Law Day, the Cold War Eisenhower-era May 1 counterprogramming to the socialist May Day, is when American law school deans and judges give speeches on the importance of, as you’d guess, the law. But this year the law is threatened, not by the Soviet bloc, but by Ike’s own successor in the White House: Donald Trump.
During his first 100 days in office, Trump has been lawless, issuing 139 executive orders (and only signing five laws). He has attacked courts and judges and law firms that have gotten in his way. He has ignored judicial orders and called for the impeachment of federal judges and tried to make law firms bend to his will. Some firms have cravenly caved and others have bravely fought back.

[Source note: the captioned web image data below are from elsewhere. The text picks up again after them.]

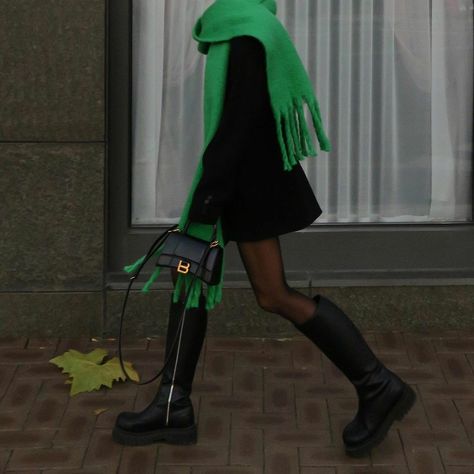 Green Outfit Fall, Green Scarf Outfit, Scarf Outfit Winter, Scarf Aesthetic, Getaway Outfit, Japan Outfit, Scarf Outfit, Green Scarf, Mode Ootd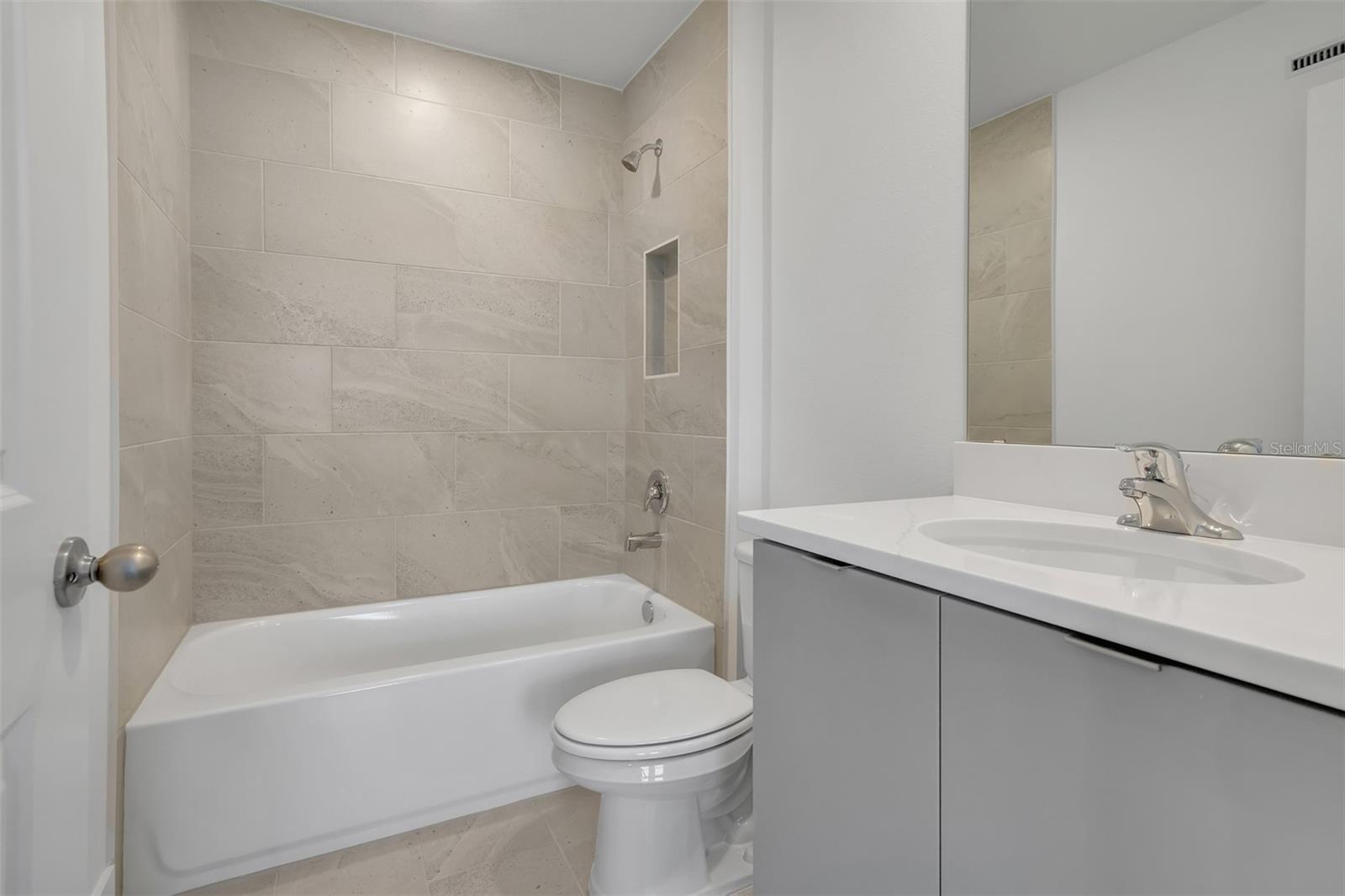 PARKVIEW/HAMLIN - Residential Lease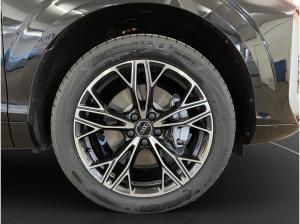 Audi Q3 e-hybrid S tronic LED LM 19" Navi PDC+RFK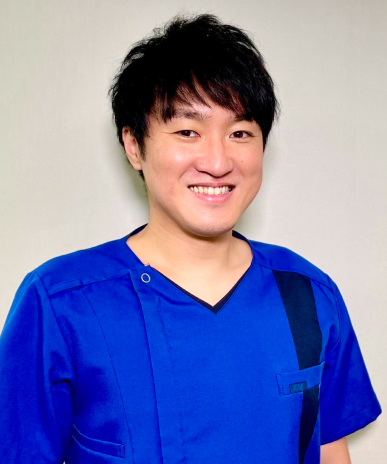 山内 基安（やまうち もとやす）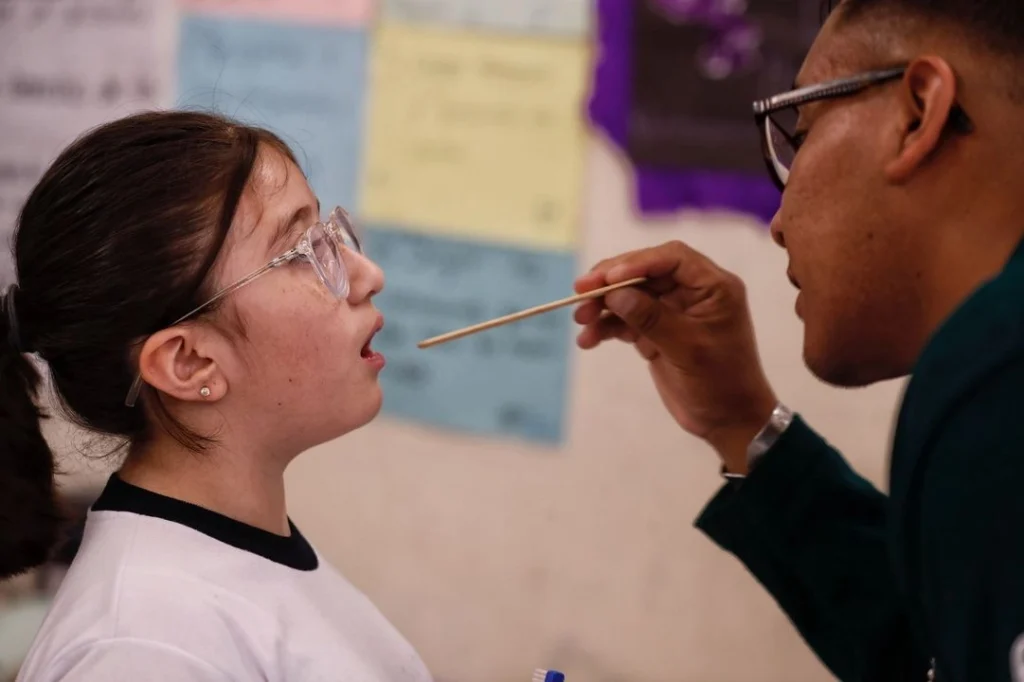 Casi 37% de alumnos de educación básica tienen sobrepeso y obesidad: IMSS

The law does matter. It is what protects us from tyranny: Independent courts, separate from the executive. The right to be heard in court. The right of due process. The right to have a lawyer. It’s not just about TV shows like “Law & Order.” Yet rule of law in its most distilled form has to do with our agreement as a society to give up some of our individual control in favor of a certain predictability and the common good. Like every American, Donald Trump also needs the law, even if he believes he is above it.
What the law isn’t, or shouldn’t be, is the determination of one person or one party, in ways that cannot be predicted, cannot be challenged, and cannot be reconciled with the Constitution or our underlying principles of liberal and representative governance. This Law Day, we can take a moment to reflect not only on the particular sets of laws that matter to us, but the importance of a legal structure in of itself, one that does not fundamentally rely on one branch or one person, and which cannot be remade at will by any one leader.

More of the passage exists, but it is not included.